Closed Rayman closed 6 years ago
The code we use breaks with Tensorflow 1.3 but I have some fixes on a branch locally ATM.
Original without any data augmentation: After setting the mirror-aumentation to true: Training takes a lot more time which is very inconvenient, but mirroring part of the data does (slightly) improve the accuracy. The increased training time is probably a CPU issue so by correctly using the GPU this might not be a problem.
With data augmentation the bottleneck caching is disabled so we should look to see if we can train on the GPU. How long did training take?
Besides mirroring, there are different augmentations to try out:
The retrain-script from the Tensorflow examples offers:
Let's put these at 10% for each, see if each one improves performance and if they do, enable them all together. Later, we can decide to implement the other augmentations as well.

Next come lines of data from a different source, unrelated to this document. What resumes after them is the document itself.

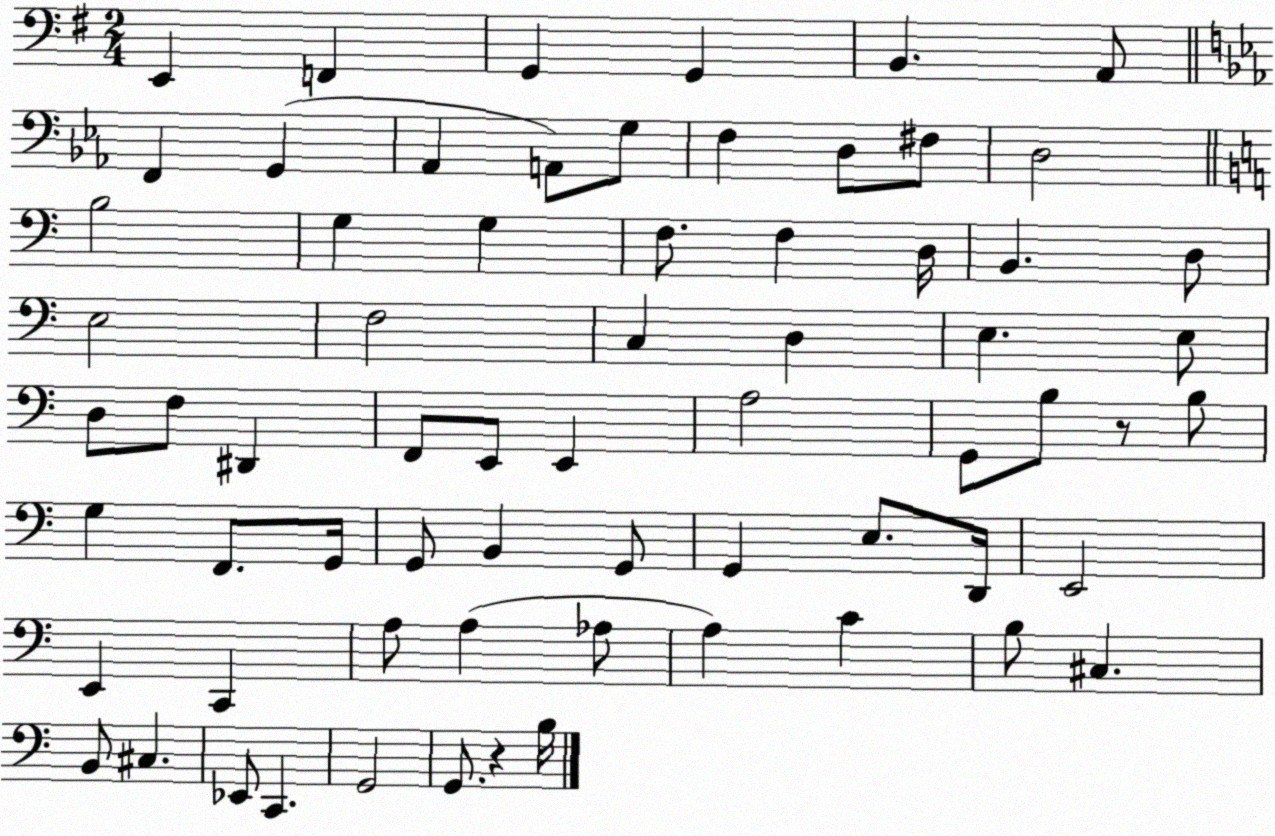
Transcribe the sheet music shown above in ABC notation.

X:1
T:Untitled
M:2/4
L:1/4
K:G
E,, F,, G,, G,, B,, A,,/2 F,, G,, _A,, A,,/2 G,/2 F, D,/2 ^F,/2 D,2 B,2 G, G, F,/2 F, D,/4 B,, D,/2 E,2 F,2 C, D, E, E,/2 D,/2 F,/2 ^D,, F,,/2 E,,/2 E,, A,2 G,,/2 B,/2 z/2 B,/2 G, F,,/2 G,,/4 G,,/2 B,, G,,/2 G,, E,/2 D,,/4 E,,2 E,, C,, A,/2 A, _A,/2 A, C B,/2 ^C, B,,/2 ^C, _E,,/2 C,, G,,2 G,,/2 z B,/4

To test various augmentations:
mkdir -p /tmp/inception
cd /tmp/inception
wget http://download.tensorflow.org/models/image/imagenet/inception-2015-12-05.tgz
tar -zxf inception-2015-12-05.tgz
mkdir -p ~/MEGA/data/robotics_testlabs/training_data_Josja/AugmentationTest/Crop/
mkdir -p ~/MEGA/data/robotics_testlabs/training_data_Josja/AugmentationTest/Scale/
mkdir -p ~/MEGA/data/robotics_testlabs/training_data_Josja/AugmentationTest/Brightness/
mkdir -p ~/MEGA/data/robotics_testlabs/training_data_Josja/AugmentationTest/Flip/
rosrun tensorflow_ros retrain ~/MEGA/data/robotics_testlabs/training_data_Josja/training /tmp/inception ~/MEGA/data/robotics_testlabs/training_data_Josja/AugmentationTest/Crop/ --batch=100 --steps=1000 --random_crop=10
rosrun tensorflow_ros retrain ~/MEGA/data/robotics_testlabs/training_data_Josja/training /tmp/inception ~/MEGA/data/robotics_testlabs/training_data_Josja/AugmentationTest/Scale/ --batch=100 --steps=1000 --random_scale=10
rosrun tensorflow_ros retrain ~/MEGA/data/robotics_testlabs/training_data_Josja/training /tmp/inception ~/MEGA/data/robotics_testlabs/training_data_Josja/AugmentationTest/Brightness/ --batch=100 --steps=1000 --random_brightness=10
rosrun tensorflow_ros retrain ~/MEGA/data/robotics_testlabs/training_data_Josja/training /tmp/inception ~/MEGA/data/robotics_testlabs/training_data_Josja/AugmentationTest/Flip/ --batch=100 --steps=1000 --flip_left_right=10
I ran rosrun tensorflow_ros retrain ~/MEGA/data/robotics_testlabs/training_data_Josja/training /tmp/inception ~/MEGA/data/robotics_testlabs/training_data_Josja/AugmentationTest/Scale/ --batch=100 --steps=1000 --random_scale=10
on bob's ZBook with a GPU.
This ends in
2017-12-19 22:27:13.330667: Step 990: Train accuracy = 97.0%
2017-12-19 22:27:13.330716: Step 990: Cross entropy = 0.310233
2017-12-19 22:27:13.378443: Step 990: Validation accuracy = 94.0%
2017-12-19 22:28:01.398623: Step 999: Train accuracy = 97.0%
2017-12-19 22:28:01.398673: Step 999: Cross entropy = 0.298153
2017-12-19 22:28:01.447069: Step 999: Validation accuracy = 91.0%
The difference in train and validation accuracy is quite large, so probably overfitted:
We reach a plateau around 250-300 training steps, after that the validation accuracy goes down.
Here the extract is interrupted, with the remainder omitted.